• _Assigned task_
Reproduce the material below only from the line with "New European and" to the line with "Fall Casual Print", both included, keeping each line exact and dropping the pictures.

• _Extracted entries_
****

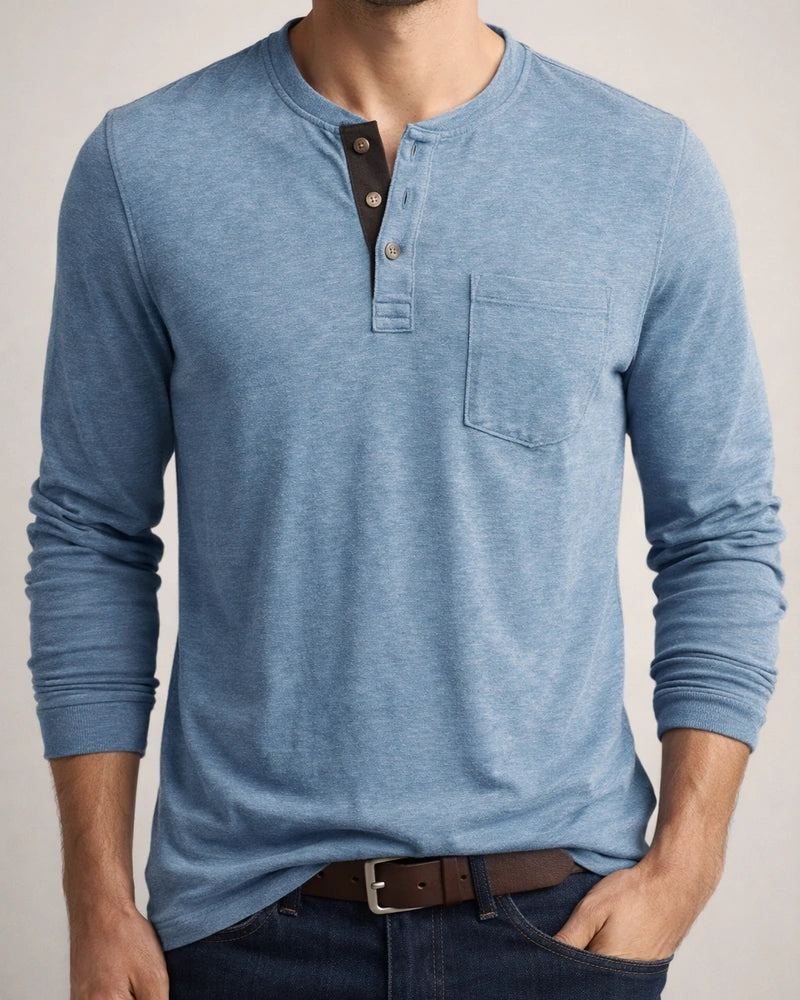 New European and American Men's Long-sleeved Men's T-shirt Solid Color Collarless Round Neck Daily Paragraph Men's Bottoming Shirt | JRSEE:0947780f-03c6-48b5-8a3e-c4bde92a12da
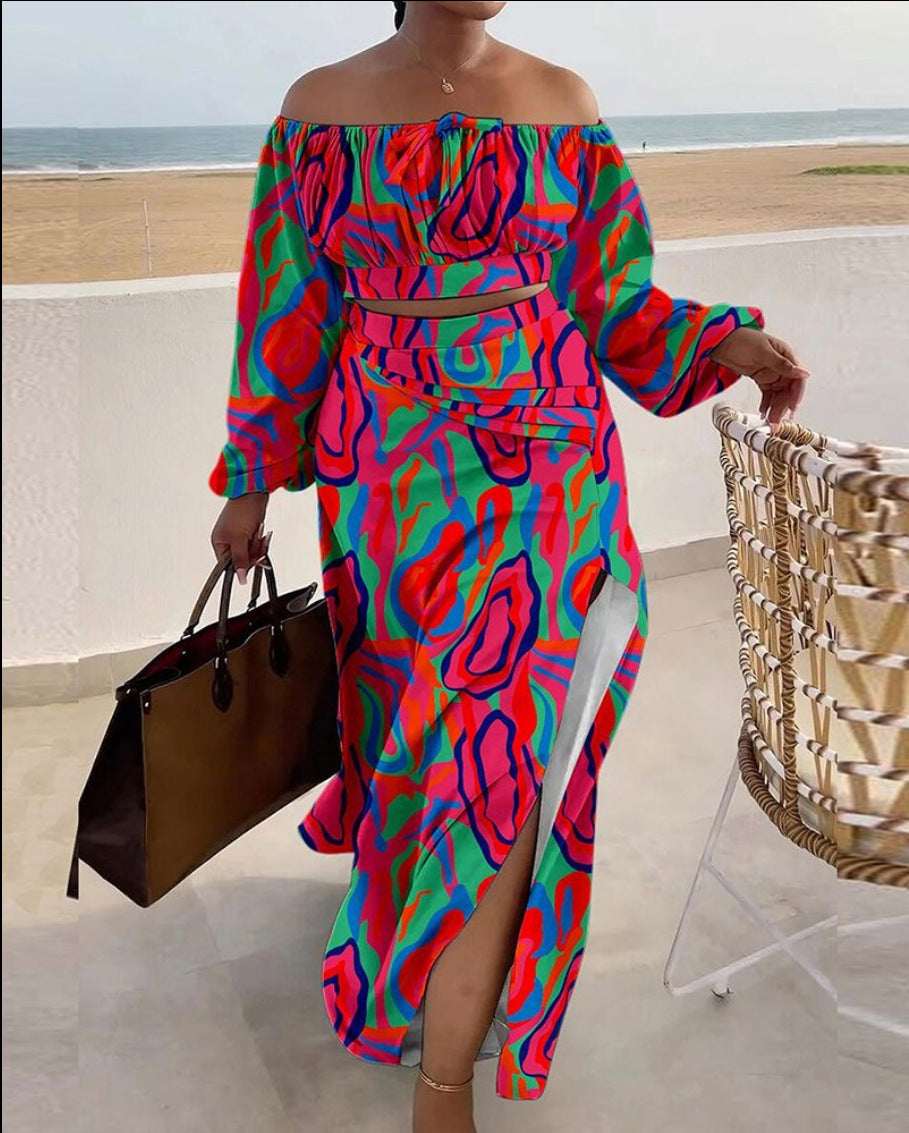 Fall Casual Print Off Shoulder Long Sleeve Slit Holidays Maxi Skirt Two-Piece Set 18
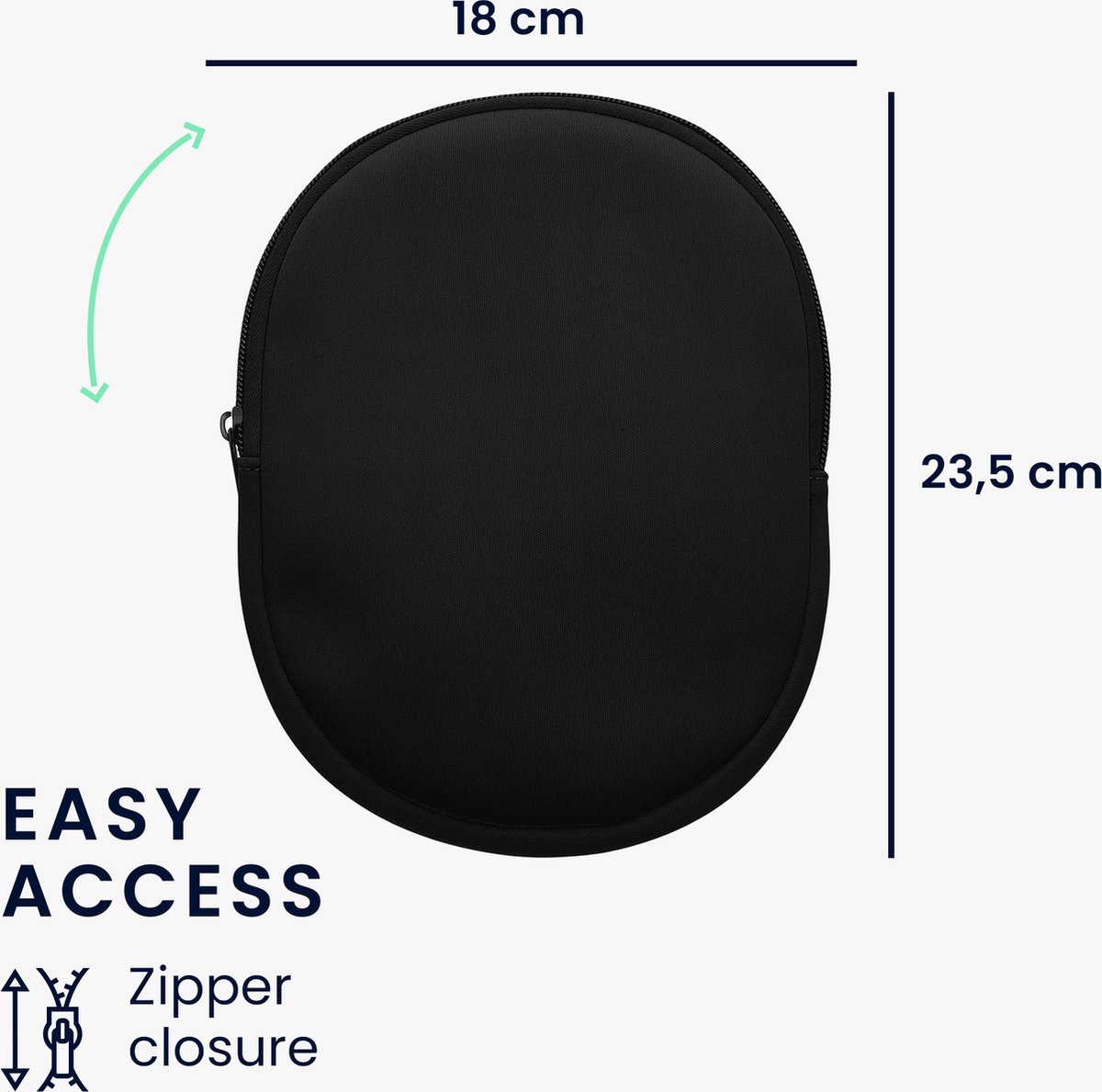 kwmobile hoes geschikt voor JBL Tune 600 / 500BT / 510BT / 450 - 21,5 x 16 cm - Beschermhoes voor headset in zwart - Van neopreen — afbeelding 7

****

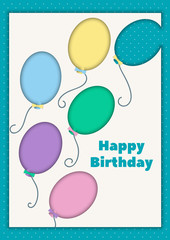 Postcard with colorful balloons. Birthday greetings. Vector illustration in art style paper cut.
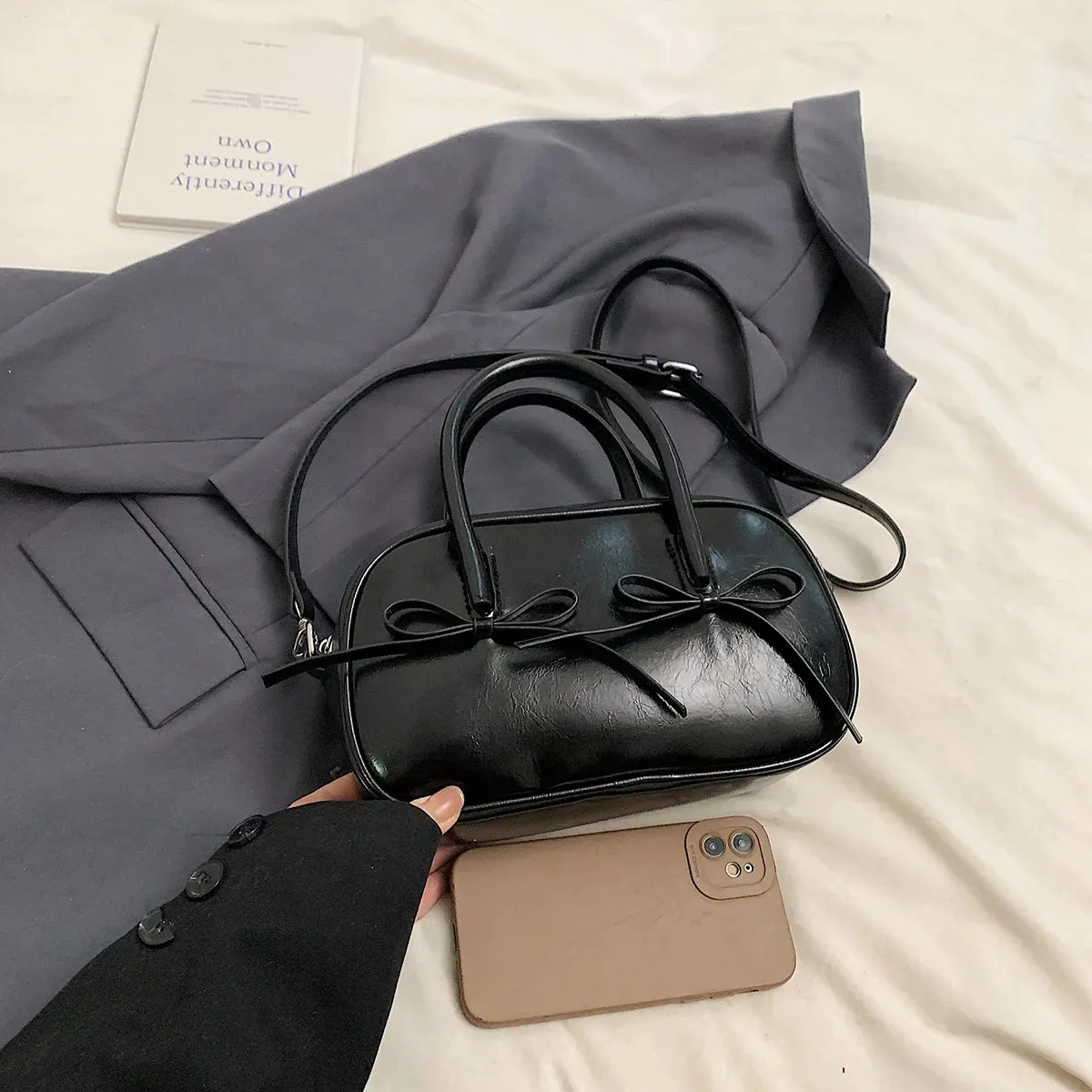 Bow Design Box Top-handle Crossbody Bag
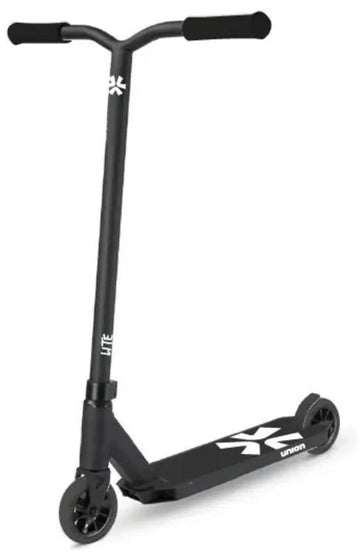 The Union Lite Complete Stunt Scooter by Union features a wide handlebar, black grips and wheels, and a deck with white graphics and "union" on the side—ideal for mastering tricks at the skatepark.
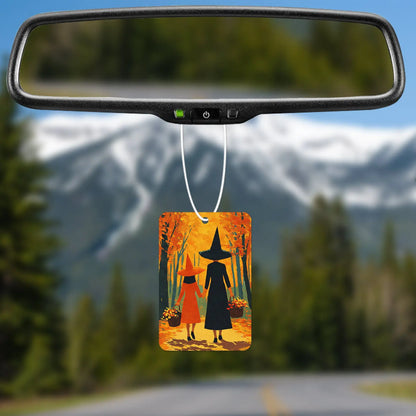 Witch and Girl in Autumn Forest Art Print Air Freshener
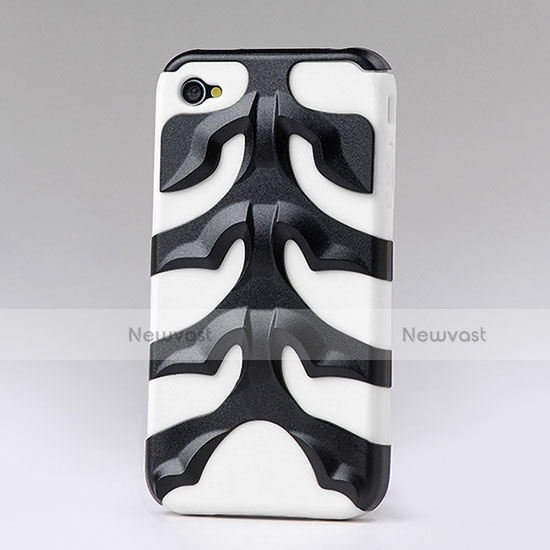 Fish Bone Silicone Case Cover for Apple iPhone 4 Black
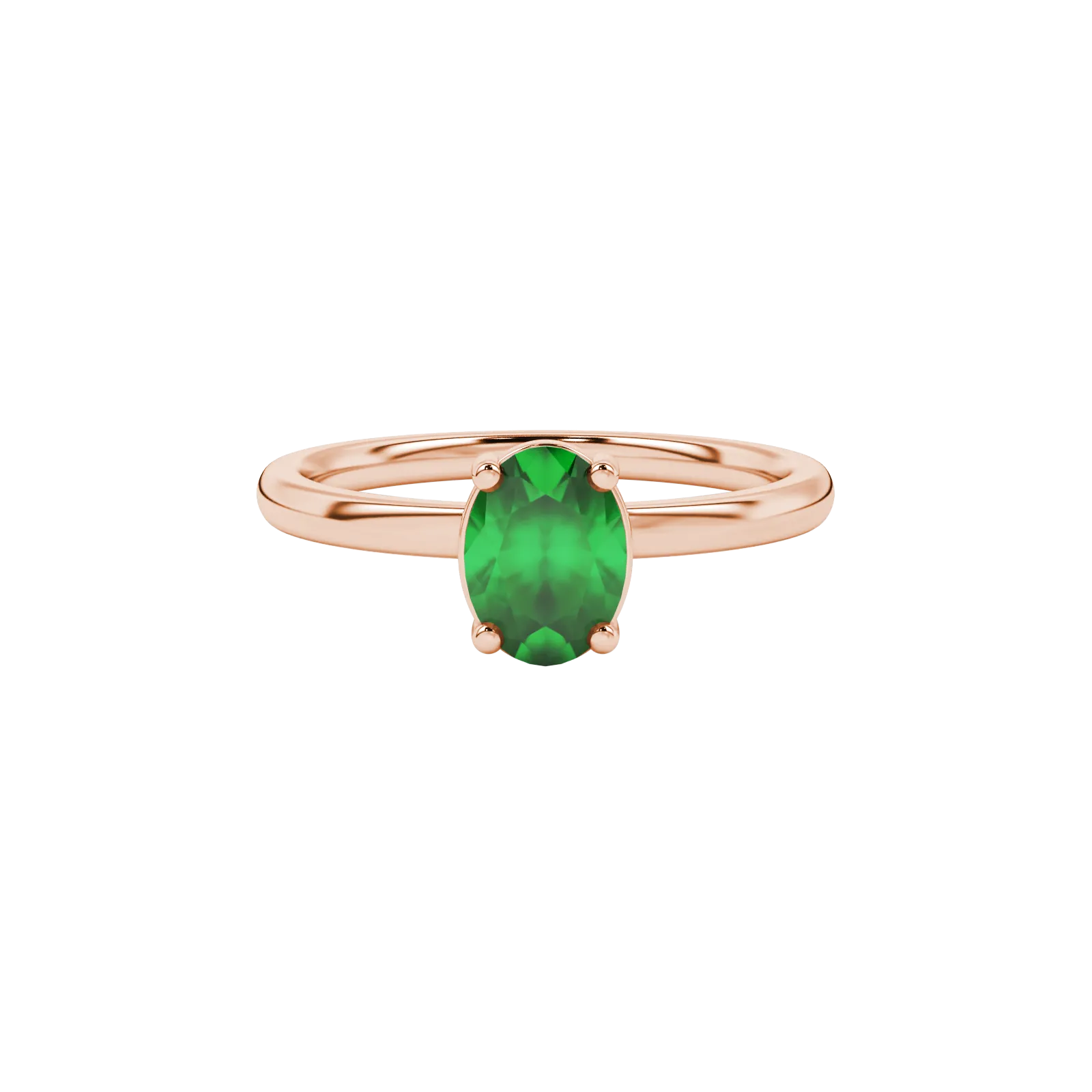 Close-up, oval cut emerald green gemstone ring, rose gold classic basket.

****

• _Task output_
 New European and American Men's Long-sleeved Men's T-shirt Solid Color Collarless Round Neck Daily Paragraph Men's Bottoming Shirt | JRSEE:0947780f-03c6-48b5-8a3e-c4bde92a12da
 Fall Casual Print Off Shoulder Long Sleeve Slit Holidays Maxi Skirt Two-Piece Set 18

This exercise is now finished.